The Military Coup has been a bloody and brutal one, as the military reacted to the initial burst of non-violent civil disobedience with deadly force and live fire into protests. The Assistance Association for Political Prisoners (Burma), or AAPP, estimates over 10,000 arrests and thousands dead, although real figures will be much higher. Hundreds of thousands, probably millions, have become internally displaced, or have fled across borders. Many younger people have left urban areas to join up with the ethnic guerrilla armies in the highlands, lowlands and border regions, or to form their own growing Peoples Defence Forces (PDF) units. In response the military has resorted to the aerial bombarment of villages & towns, followed up by a scorched earth policy – literally burning entire villages and communities to the ground. There are regular and reliable reports in the English language news outlet Myanmar Now of both the barbarity of the military, and the peoples’ resistance. For example, two young women students have been imprisoned for 7yrs each for donating less than £3 to a fund for displaced peoples, and face further absurd charges. It’s worth noting too that last weekend the Myanmar Military joined the short list of countries supporting the Russian invasion of Ukraine! It’ll come as no surprise to learn that Russia, along with China, were the two largest suppliers of weapons to Myanmar in the period 2010-2020.
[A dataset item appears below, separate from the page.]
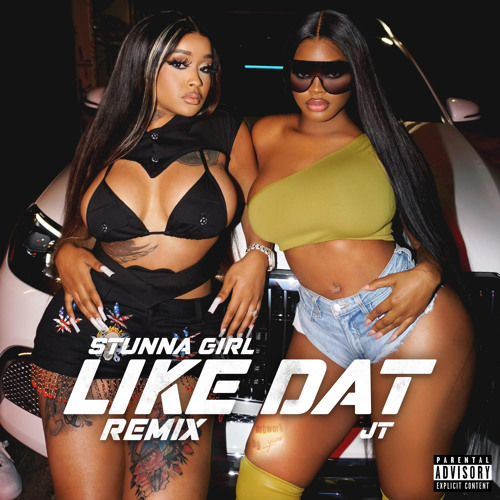 Stunna Girl Like Dat Remix Mp3 Download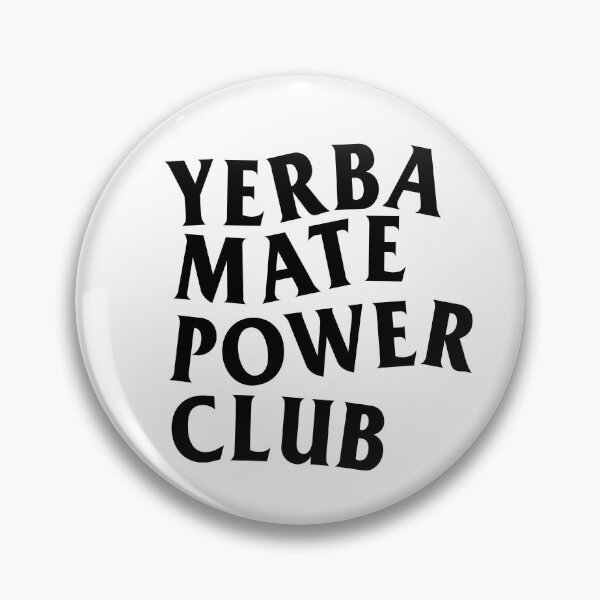 Item preview, Yerba Mate Power Club designed and sold by Domiska.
The overwhelming firepower of the Military Coup is eerily reminiscent of the situation the people faced after the British annexation of Myanmar in 1885. Back then the people resisting authoritarian rule were also faced by superior weapons, and the British wielding them were just as barbaric and uncaring about those they mowed down. As BRHG noted in this article:
Despite the military defeat, the Burmese fought a ten year guerrilla war against British rule which was only finally broken by meting out collective punishments to the civilian population. Villages were burned and the property of villagers either confiscated or destroyed. The British policy of overwhelming reprisals against villages suspected of assisting the insurgency eventually brought the country under control. British colonialism was triumphant. (read full article).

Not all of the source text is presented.